## REQUIRED ACTION
Set down, word for word, every line of the material below from the one containing "ハイトーンバレイヤージュ🐣【" through the one containing "Used 2023 Lincoln", but none of its pictures.

## EXTRACTED RECORDS
____________________

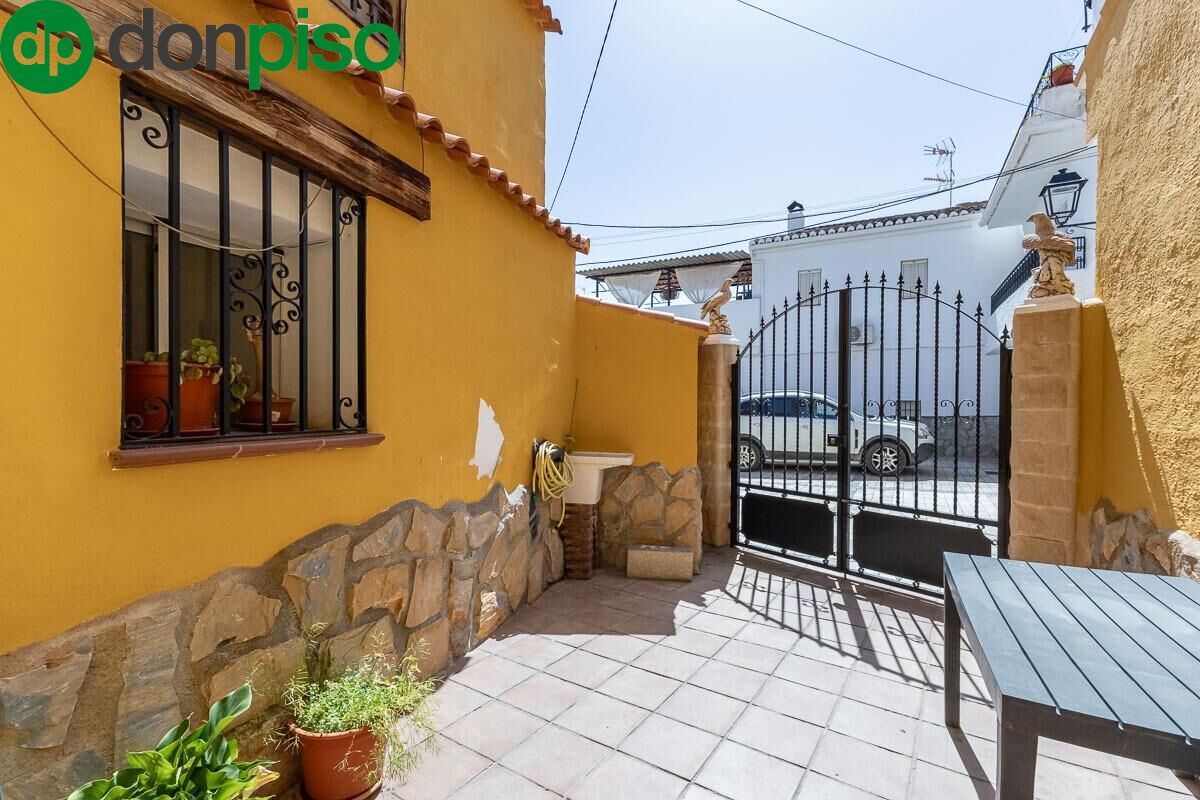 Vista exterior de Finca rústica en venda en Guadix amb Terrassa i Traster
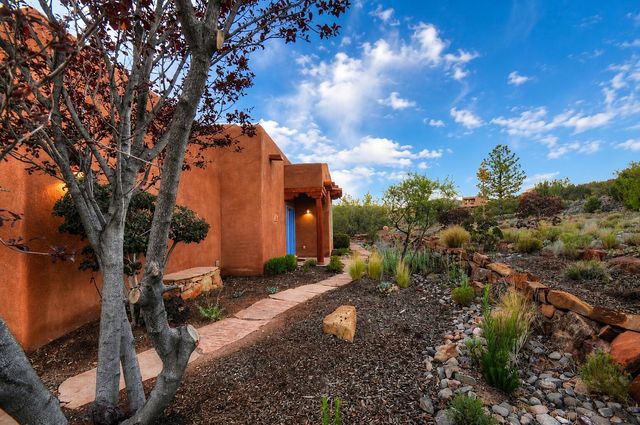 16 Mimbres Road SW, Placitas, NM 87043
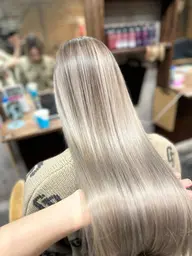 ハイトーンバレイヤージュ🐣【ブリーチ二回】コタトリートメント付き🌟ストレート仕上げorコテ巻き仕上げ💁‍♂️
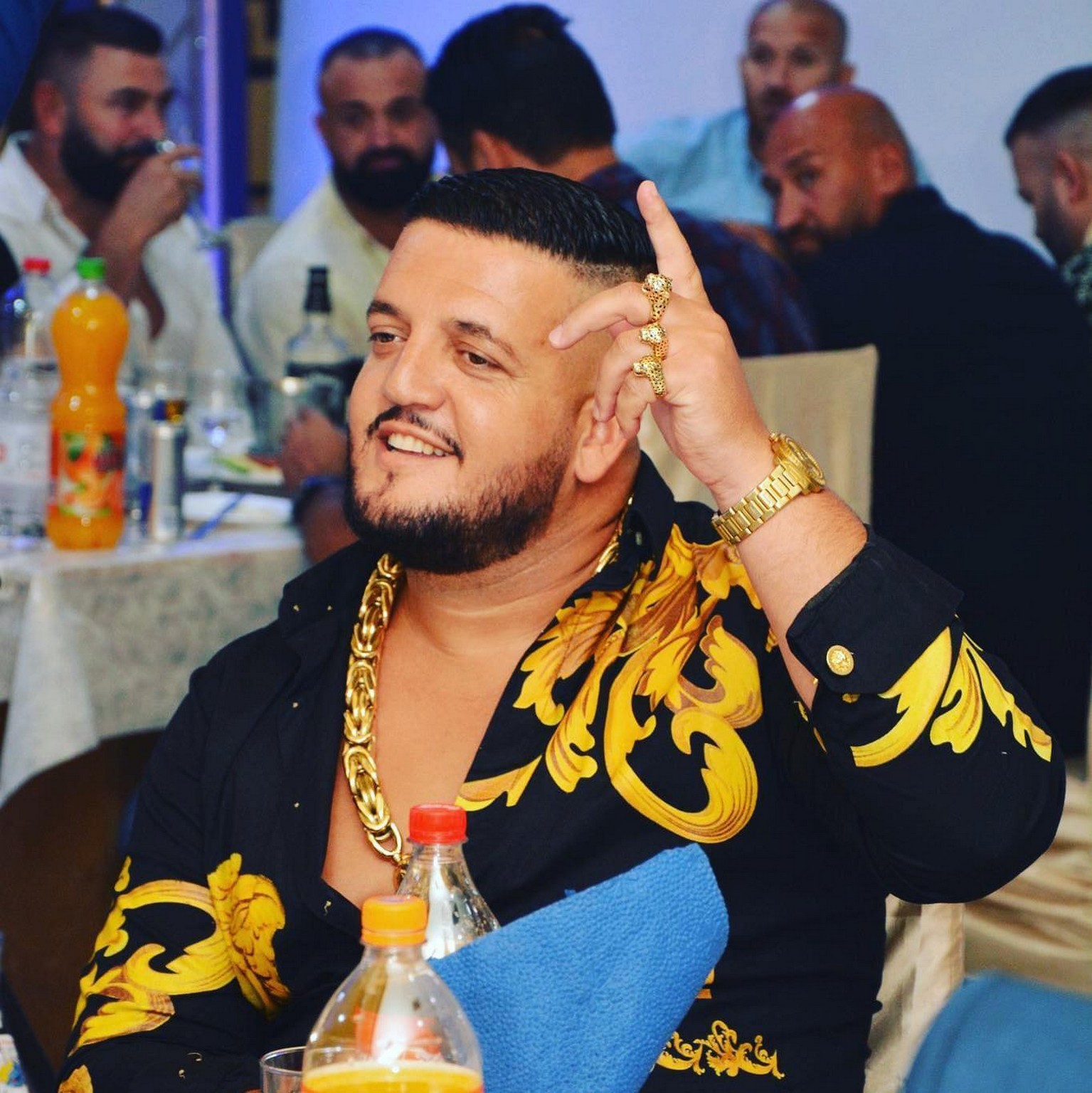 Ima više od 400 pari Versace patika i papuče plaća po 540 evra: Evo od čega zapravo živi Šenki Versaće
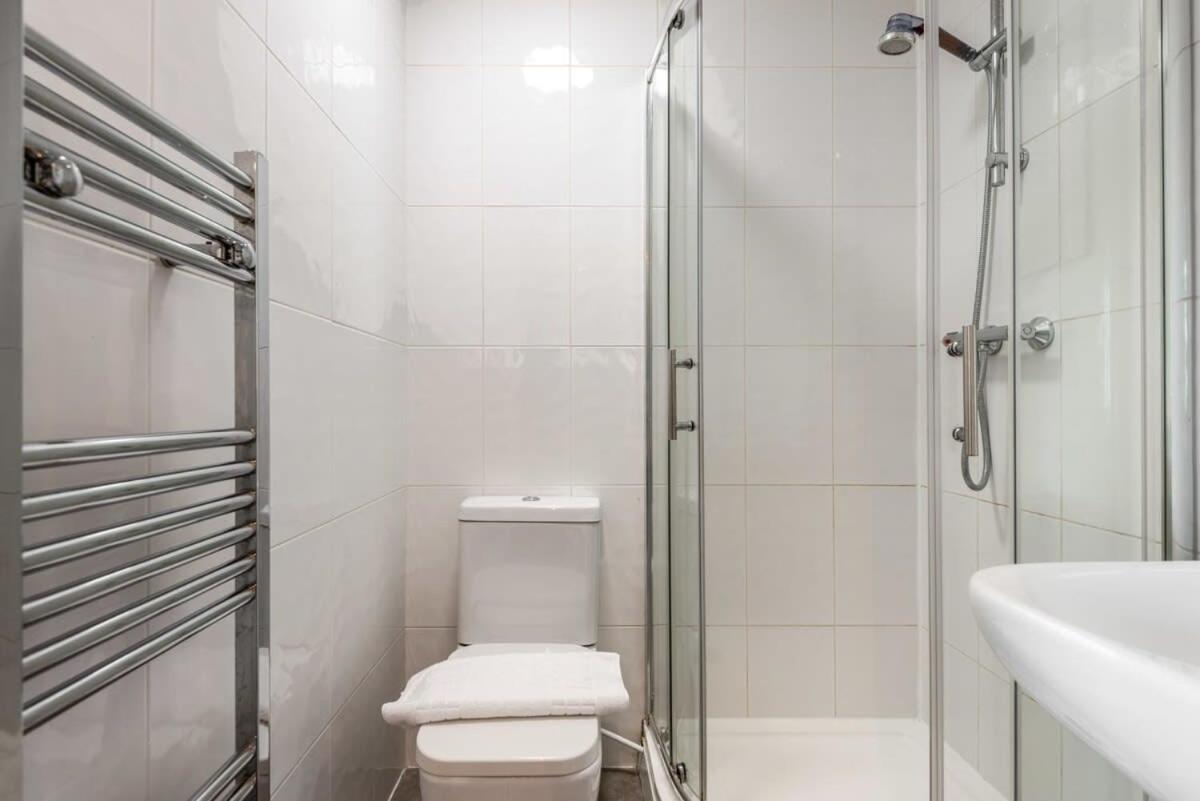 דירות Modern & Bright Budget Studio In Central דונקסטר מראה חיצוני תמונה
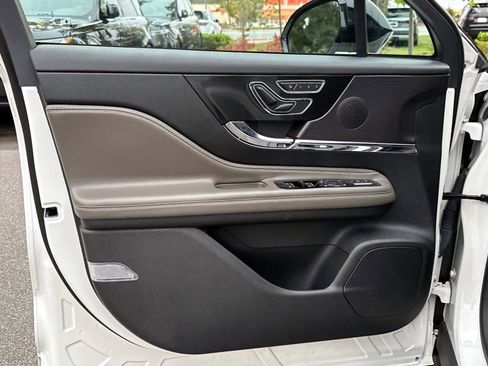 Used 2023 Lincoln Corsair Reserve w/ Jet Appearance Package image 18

____________________

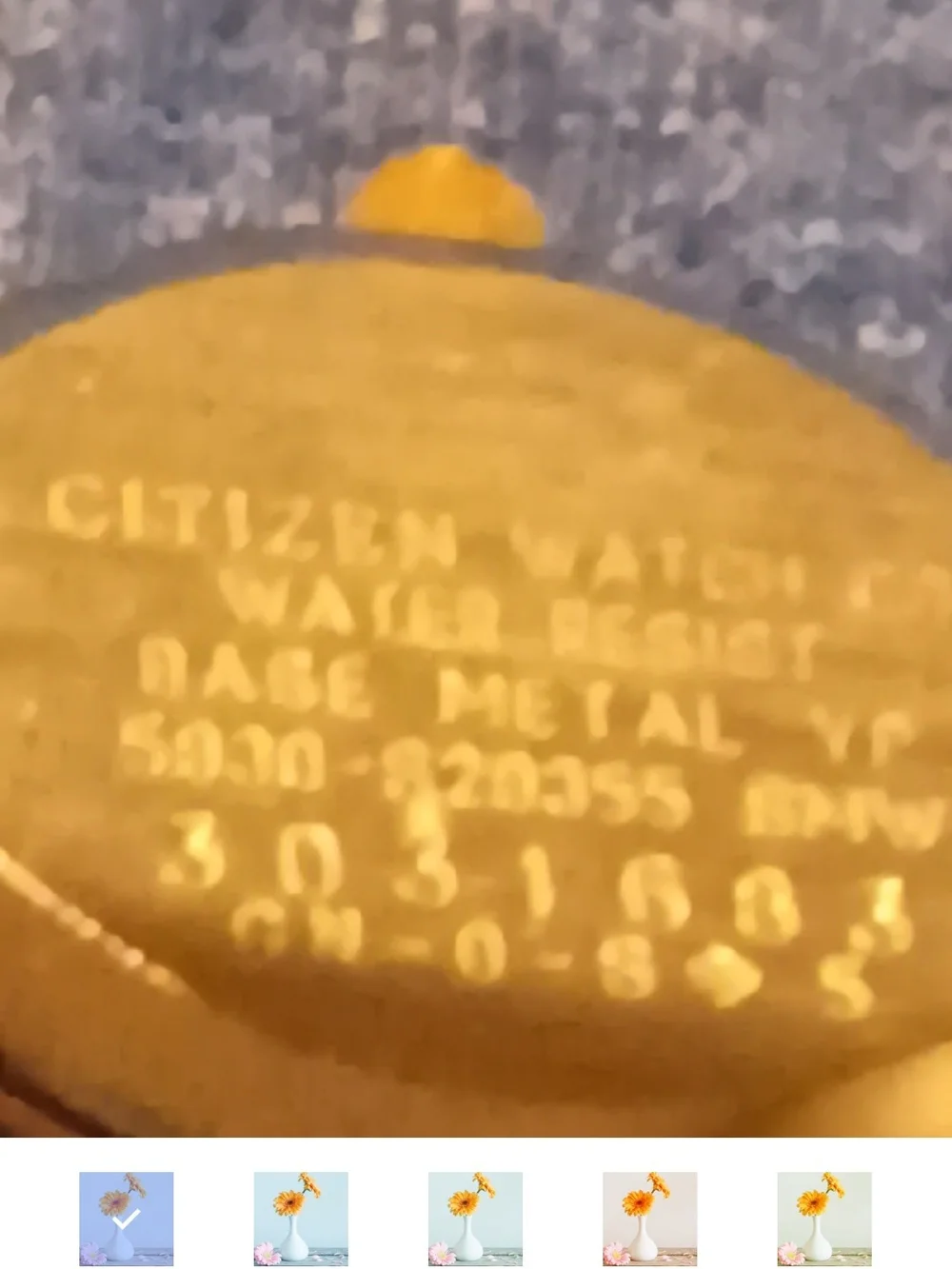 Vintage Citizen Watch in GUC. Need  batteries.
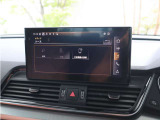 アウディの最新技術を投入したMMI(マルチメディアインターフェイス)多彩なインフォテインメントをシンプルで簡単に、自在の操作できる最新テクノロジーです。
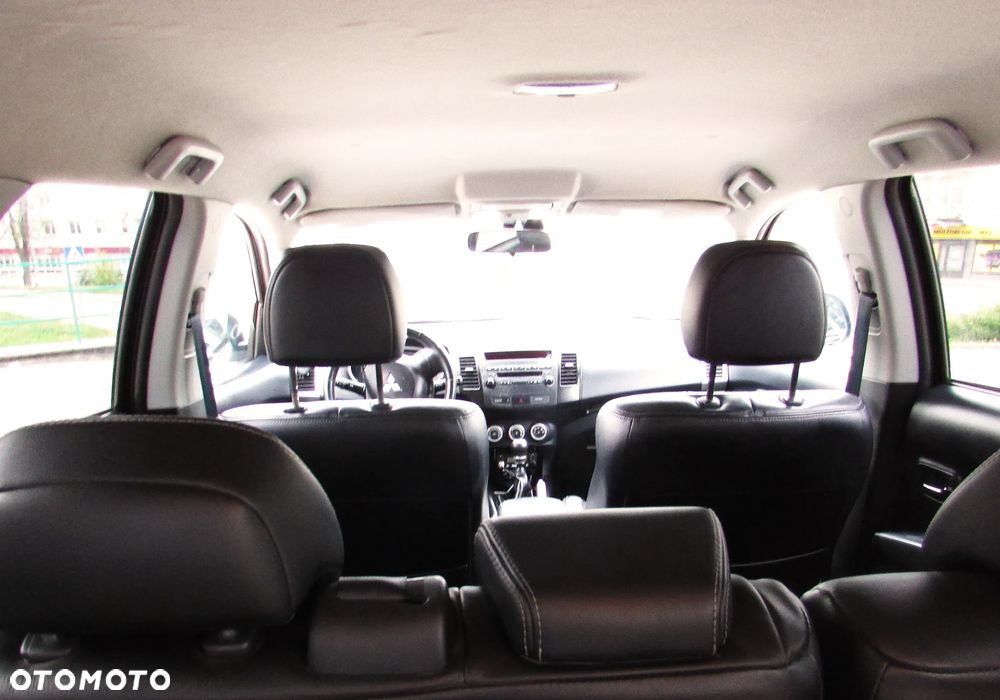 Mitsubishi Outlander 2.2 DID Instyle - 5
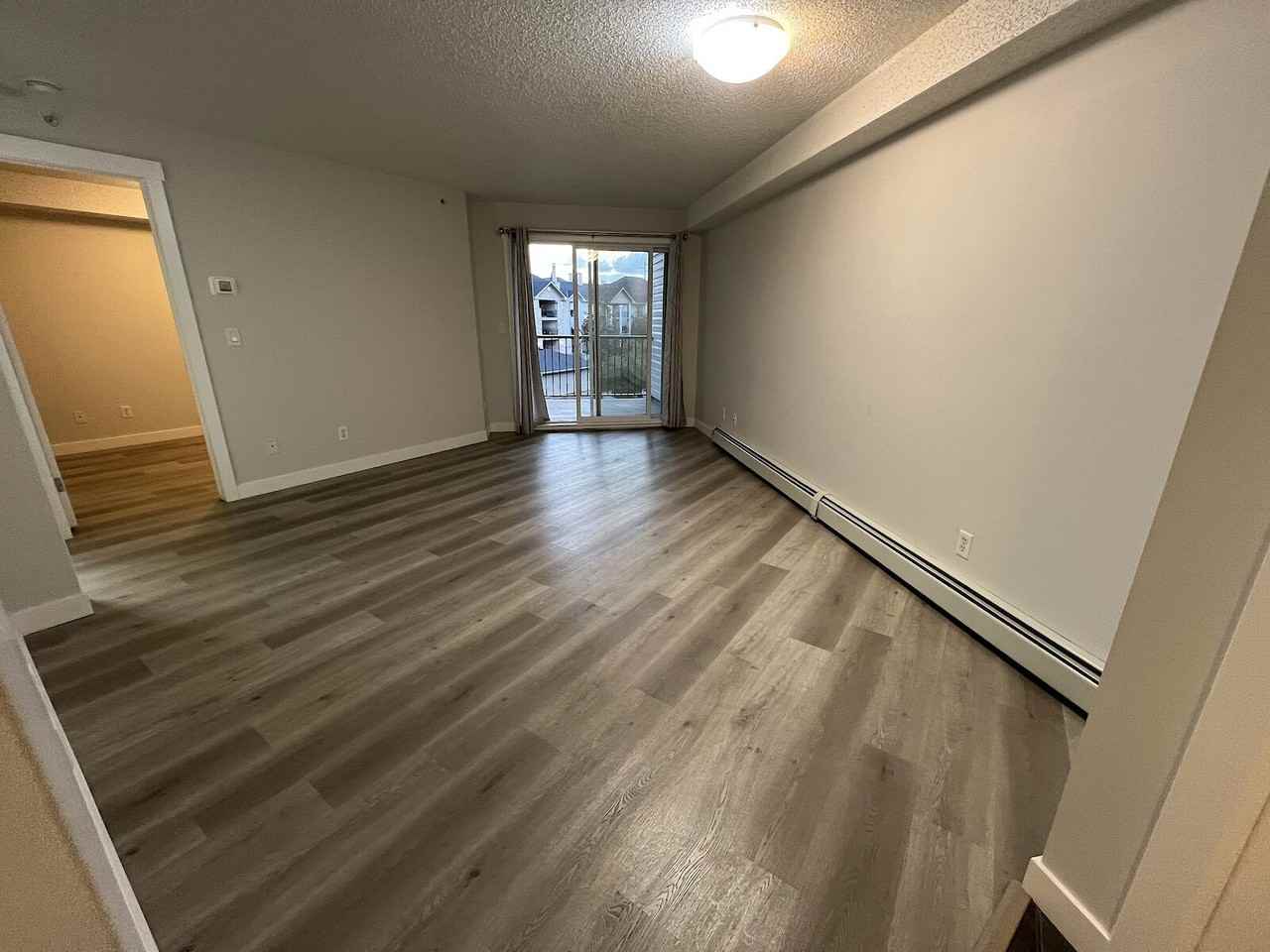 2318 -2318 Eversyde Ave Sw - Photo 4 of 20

____________________

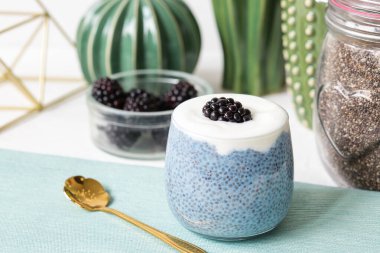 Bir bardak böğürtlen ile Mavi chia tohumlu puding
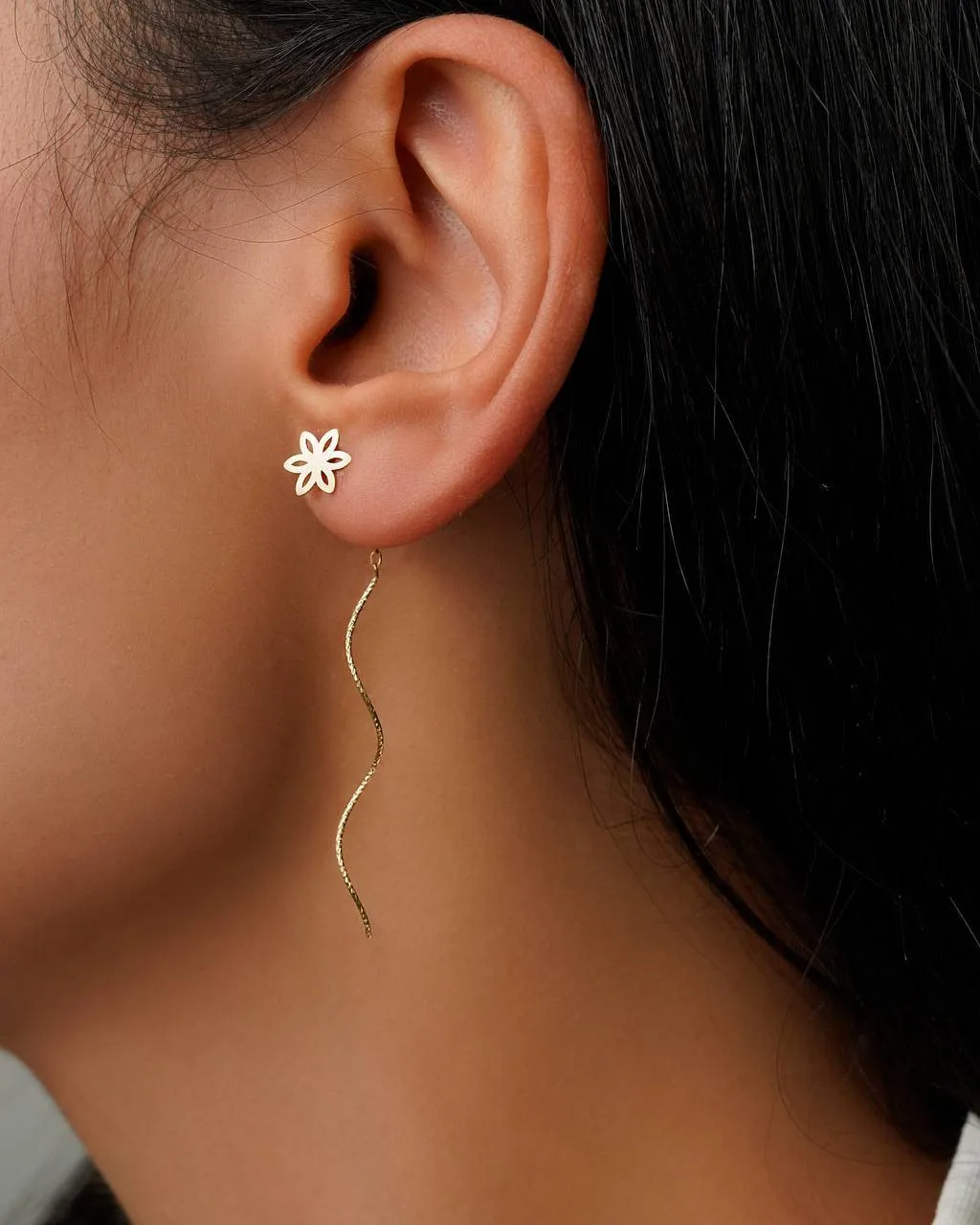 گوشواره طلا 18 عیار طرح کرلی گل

____________________

## REPLY TO THE TASK
 ハイトーンバレイヤージュ🐣【ブリーチ二回】コタトリートメント付き🌟ストレート仕上げorコテ巻き仕上げ💁‍♂️
 Ima više od 400 pari Versace patika i papuče plaća po 540 evra: Evo od čega zapravo živi Šenki Versaće
 דירות Modern & Bright Budget Studio In Central דונקסטר מראה חיצוני תמונה
 Used 2023 Lincoln Corsair Reserve w/ Jet Appearance Package image 18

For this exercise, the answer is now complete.